Rest Template unable to parse json rest api response properly

558 views Asked by At

I am trying to extract Named Entities from text using Spacy's NER for German text. I have exposed the service as a REST POST request which takes source text as input and returns a dictionary(Map) of list of named entities (person, location, organization). These services are exposed using Flask Restplus hosted on a linux server.

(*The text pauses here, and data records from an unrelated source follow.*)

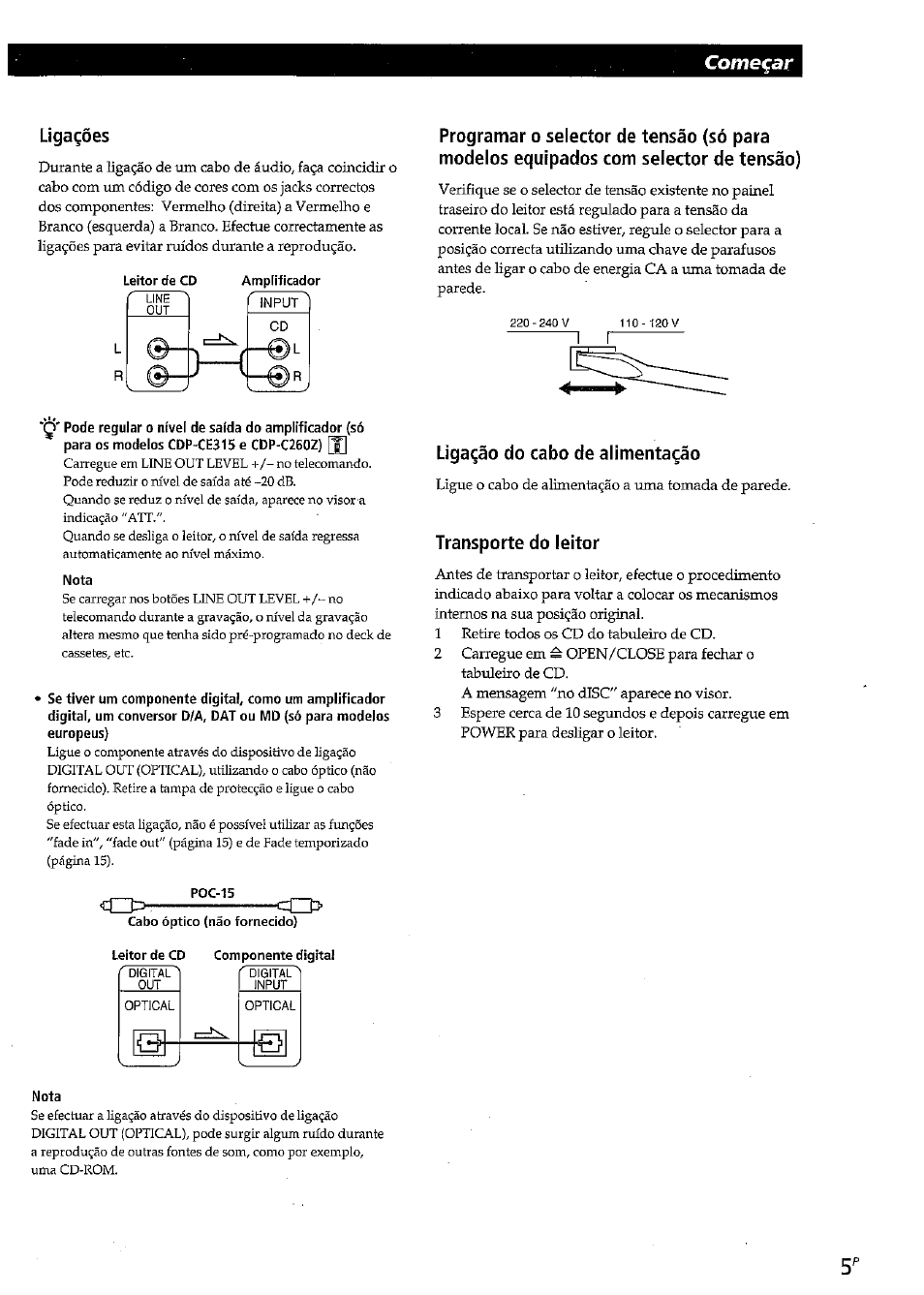 Ugagdes, Lìgagao do cabo de alimentagáo, Transporte do leitor | Começar | Sony CDP-CE315 User Manual | Page 59 / 92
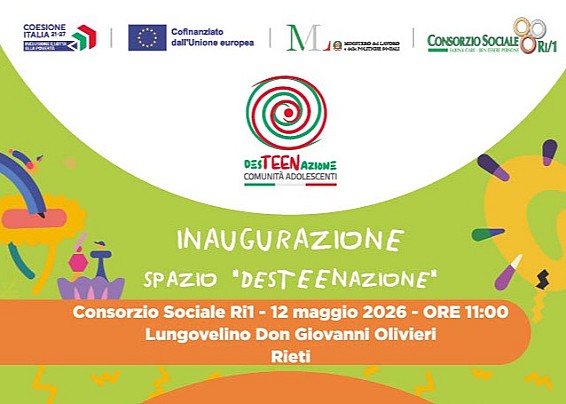 DesTEENazione - Desideri in azione Comunità Adolescenti. Inaugurazione spazio "DesTEENazione" per il giorno 12 maggio ore 11.00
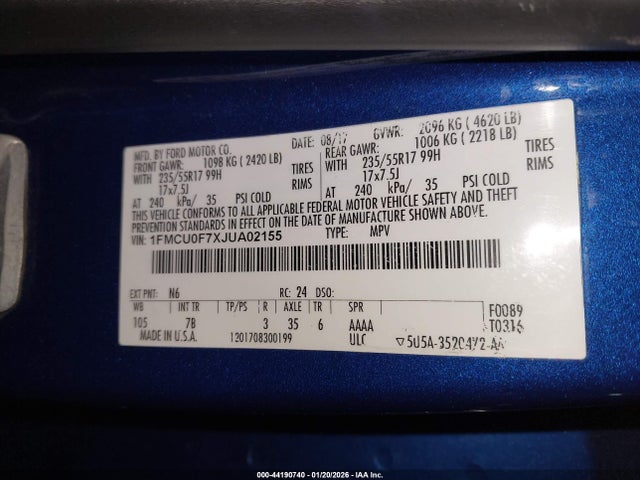 Ford ESCAPE S 2018 1FMCU0F7XJUA02155 Image 9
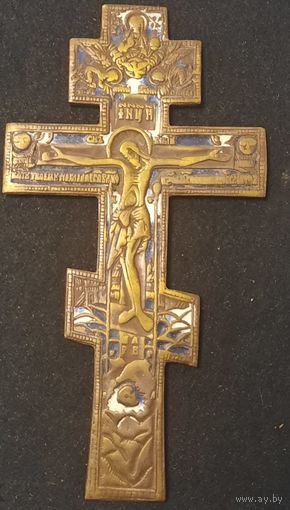 Крест. Распятие. Медная пластика. 2 цвета эмали. Литьё. Царизм. 19 х 10 см.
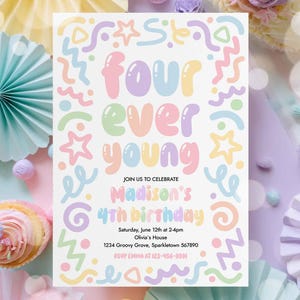 Editable Four Ever Young 4th Birthday Party Invitation Colorful Balloon Letters Doodle 4th Birthday Party Instant Download ER5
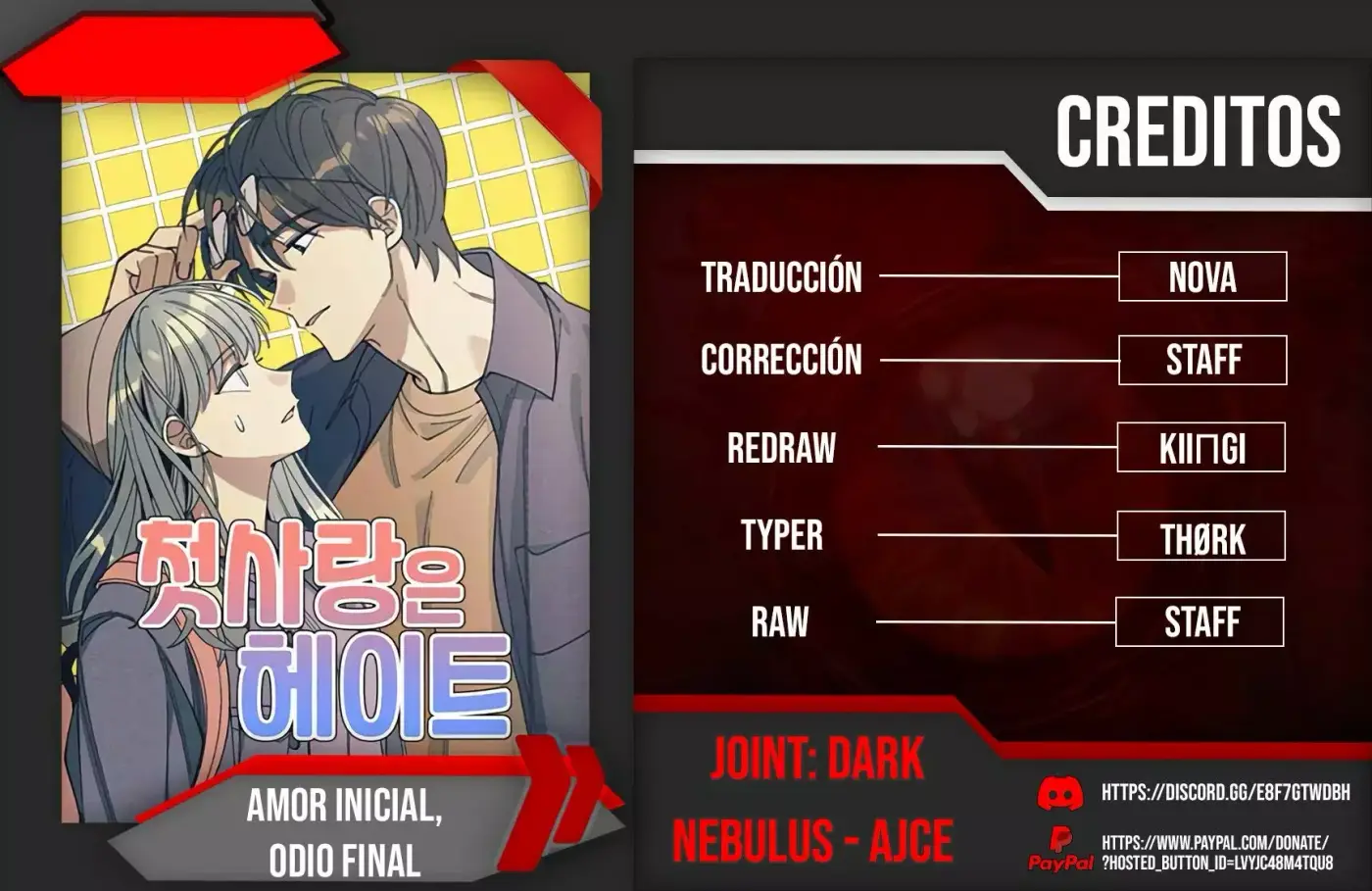 Amor inicial, Odio final capítulo 30, página 1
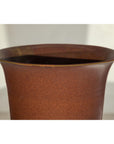 Pair of Ceramic Vases with Brown Glaze and Subtle Red Undertones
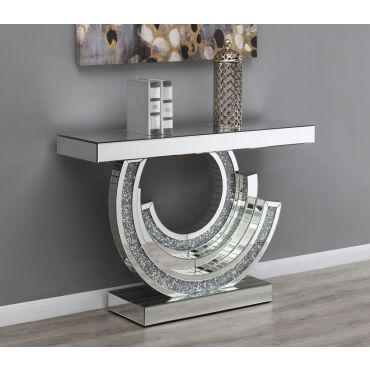Mattis Mirrored Console With Crystals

Consider for a sample text, I get following response using POST request at REST API exposed via Swagger UI:

{
  "ner_locations": [
    "Deutschland",
    "Niederlanden"
  ],
  "ner_organizations": [
    "Miele & Cie. KG",
    "Bayer CropScience AG"
  ],
  "ner_persons": [
    "Sebastian Krause",
    "Alex Schröder"
  ]
}

When I use Spring's RestTemplate to POST request at the API hosted at Linux server from Spring boot application (on Windows OS in Eclipse). The json parsing is done correctly. I have added following line for using UTF-8 encoding.

restTemplate.getMessageConverters().add(0, new StringHttpMessageConverter(Charset.forName("UTF-8")));

But When I deploy this spring boot application on linux machine and POST request to API for NER tagging, the ner_persons are not parsed correctly. While remotely debugging, I get following response

{
  "ner_locations": [
    "Deutschland",
    "Niederlanden"
  ],
  "ner_organizations": [
    "Miele & Cie. KG",
    "Bayer CropScience AG"
  ],
  "ner_persons": [
    "Sebastian ",
    "Krause",
    "Alex ",
    "Schröder"
  ]
}

I am not able to understand why this strange behavior occurs in case of persons but not organizations.

1

There are 1 answers

0
Ravi On

Being new to python, it took me 2 days of debugging to understand the real problem and to find a workaround fix.

The reason was that the names (e.g., "Sebastian Krause") were separated by \xa0 i.e., non-breaking space character (e.g., "Sebastian\xa0Krause") instead of a whitespace. So Spacy was failing to detect them as a single NamedEntity.

Browsing through SO, I found following solution from here:

import unicodedata 
norm_text = unicodedata.normalize("NFKD", source_text)

This also normalizes other unicode characters such as \u2013,\u2026, etc.